Segurança para as Mulheres em nossas aldeias e acampamentos

  1. A Delegacia da Mulher funcione por período integral, inclusive aos finais de semana e feriado e atendimento diferenciado, respeitando a diversidade da língua e da cultura da mulher indígena;
  2. Criação e implementação de um centro de atendimento para a mulher indígena na aldeia Jaguapiru-Dourados.
  3. Sejam efetivadas e reforçadas os programas de segurança dentro das aldeias com especial atenção a mulher indígena, garantido o plantão de atendimento à noite e finais de semana.
  4. Sejam implementadas e efetivadas políticas específicas e diferenciadas bem como a promoção de programas de prevenção e combate a violência e descriminação contra a mulher indígena.
  5. Sejam criados, implementados e efetivados programas de capacitação de servidores (as) públicos(as) em gênero, cultura  e direitos humanos, de forma a garantir o direito à diversidade de língua e cultura das mulheres indígenas.

Saúde diferenciada e de qualidade e para a mulher indígena

  1. Que haja melhoria da qualidade de atendimento à população indígena em geral e em particular à mulher indígena.
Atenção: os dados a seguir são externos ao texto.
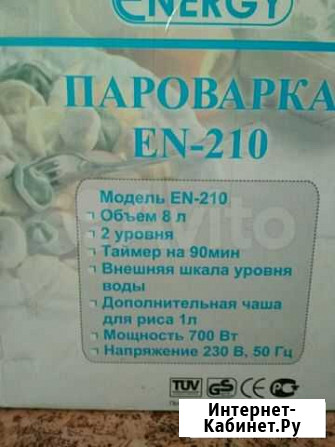 Паровака Новосибирск - изображение 1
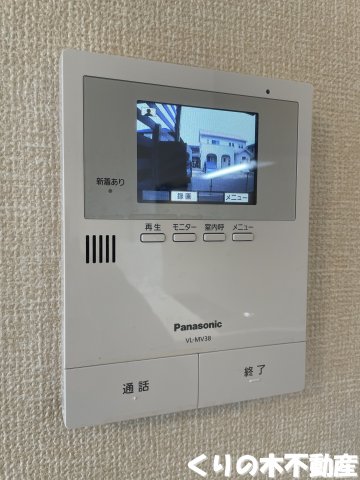 セキュリティ　モニター付きインターホン完備
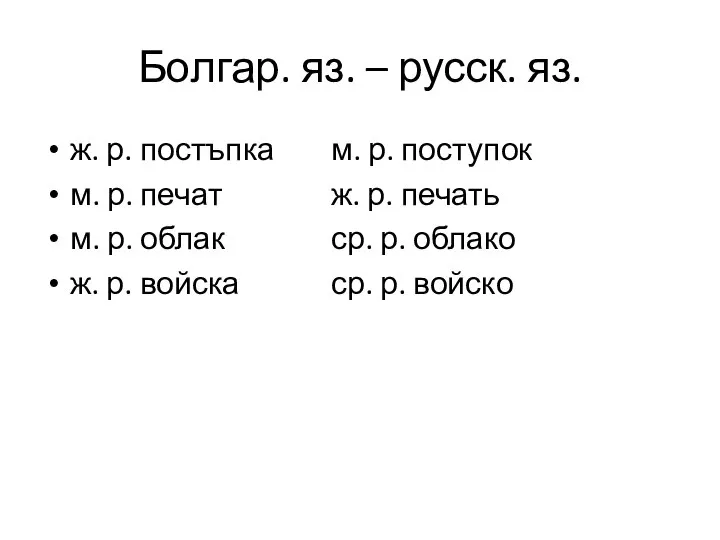 Болгар. яз. – русск. яз. ж. р. постъпка м. р. поступок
Que a SESAI assume sua responsabilidade e que o atendimento chegue às bases com qualidade e agilidade. “Estamos cansadas e ver nossas companheiras morrendo nas filas dos postos de saúde!”
  2.  Sejam criados, implementados e efetivados programas de capacitação em gênero, língua e direitos humanos aos agentes e demais profissionais da saúde de forma a garantir um atendimento humanizado e diferenciado às mulheres indígenas.
  3.  Sejam estabelecidos postos de saúde nos acampamentos tendo assegurados sua estrutura de recursos humanos, material e saneamento básico.
  4.  Implantação e implementação de mecanismos adequados de efetivo monitoramento e avaliação dos impactos ambientais dos projetos de monocultura e uso indiscriminado de agrotóxicos que atingem diretamente nossas aldeias causando intoxicações, envenenamentos e mortes.
  5. O acesso à água de qualidade é um direito humano básico. Garantir o acesso à água de qualidade e em quantidade suficiente em nossas aldeias (atenção especial a aldeia Bororó- Dourados).
  6. Criaçao de CAP’s, CREAS, CRAS e Posto de Saúde na aldeia Jaguapiru- Dourados, de modo a responder a demanda.
  7.  Que a SESAI planeje a compra de ambulância pra os postos de saúde que atenda as aldeias em tempo integral.
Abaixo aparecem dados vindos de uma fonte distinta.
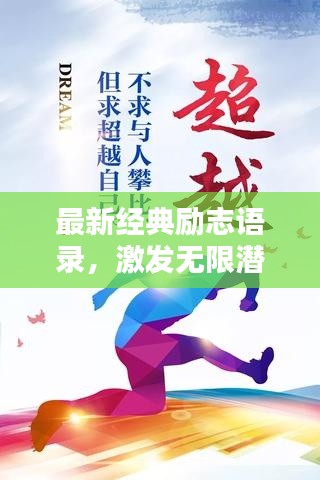 最新经典励志语录,激发无限潜能与斗志!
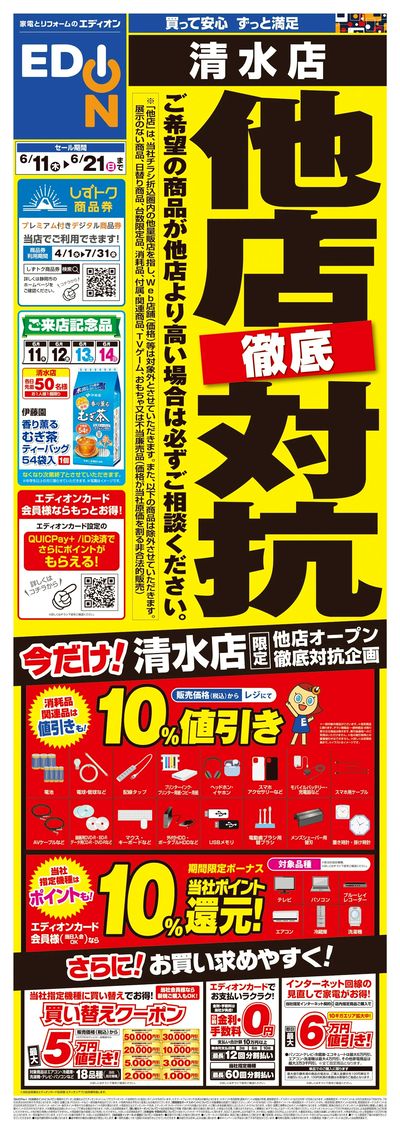 他店徹底対抗(オモテ)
Sustentabilidade e Segurança Alimentar

  1. Garantir a implementação e efetivação de Políticas Públicas de Incentivo à produção sustentável de alimentos e outros gêneros necessários à nossa reprodução física e cultural, respeitando a diversidade de modos de produção tradicional em diálogo com outros saberes ecologicamente sustentáveis;
  2.  Garantir a recuperação das áreas degradadas, matas ciliares e implementar medidas compensatórias e indenizatórias pelos danos causados aos nossos territórios tradicionais;
  3. Implementar programas que fomentem o uso livre e autônomo das sementes crioulas ou tradicionais e que favoreçam a multiplicação de experiências como casas de sementes, bancos de sementes e outras desenvolvidas pelas comunidades indígenas.
  4. Que sejam priorizadas e garantidas programas de sustentabilidade e produção de alimentos nas áreas retomadas;


Considerando que as proposições acima são parte de nossos direitos constitucionais, solicitamos às autoridades competentes a garantia de sua implementação como reparação dos processos históricos de exclusão, violência e discriminação contra nosso povo.

Reafirmamos nossa disposição de consolidar nossa organização e articulação do Movimento de Mulheres Kaiowá Guarani e Ñandeva, somando com nossos companheiros na luta pela nossa terra e garantia de nossos direitos, construindo um país plural, mais justo e solidário.